• WHAT THIS TASK INVOLVES: Exactly as written, please repeat the data that follows, but not the pictures.

• DATA SECTION:
= Beginning of Section =

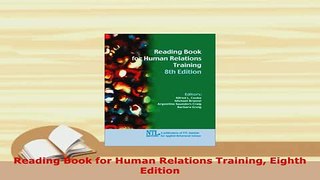 PDF  Reading Book for Human Relations Training Eighth Edition PDF Full Ebook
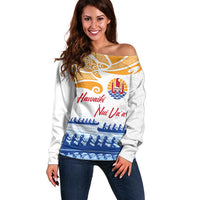 Personalised Hawaiki Nui Va'a French Polynesian Pattern Off Shoulder Sweater White Color LT03 Women White - Polynesian Pride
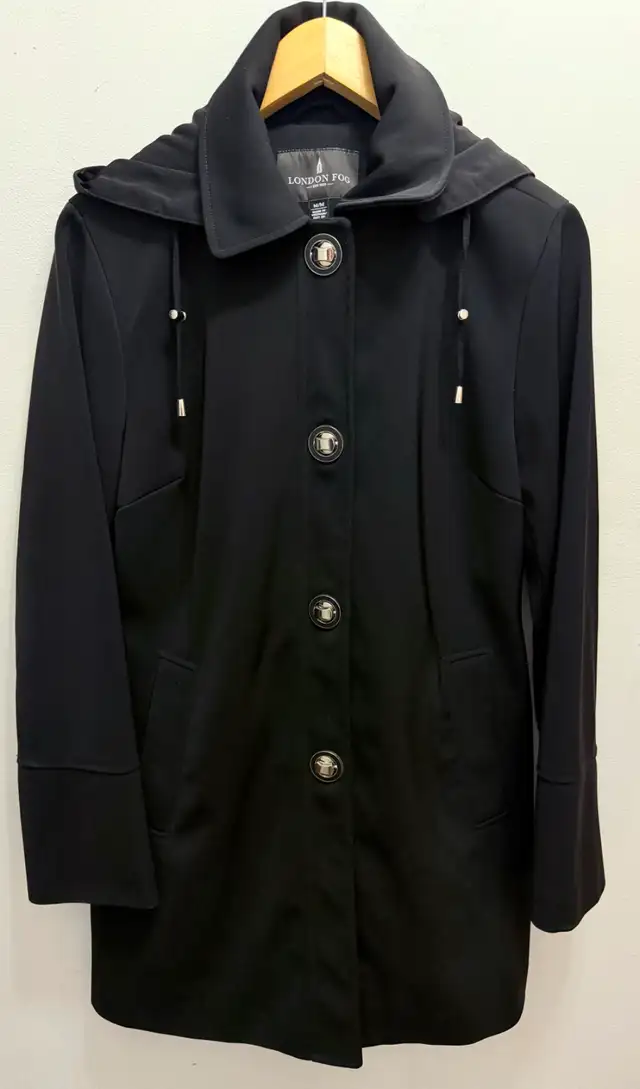 London Fog Women's Hooded Toggle Coat, Size Medium, Like New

= End of Section =

• WRITTEN ANSWER:
 PDF  Reading Book for Human Relations Training Eighth Edition PDF Full Ebook
 Personalised Hawaiki Nui Va'a French Polynesian Pattern Off Shoulder Sweater White Color LT03 Women White - Polynesian Pride
 London Fog Women's Hooded Toggle Coat, Size Medium, Like New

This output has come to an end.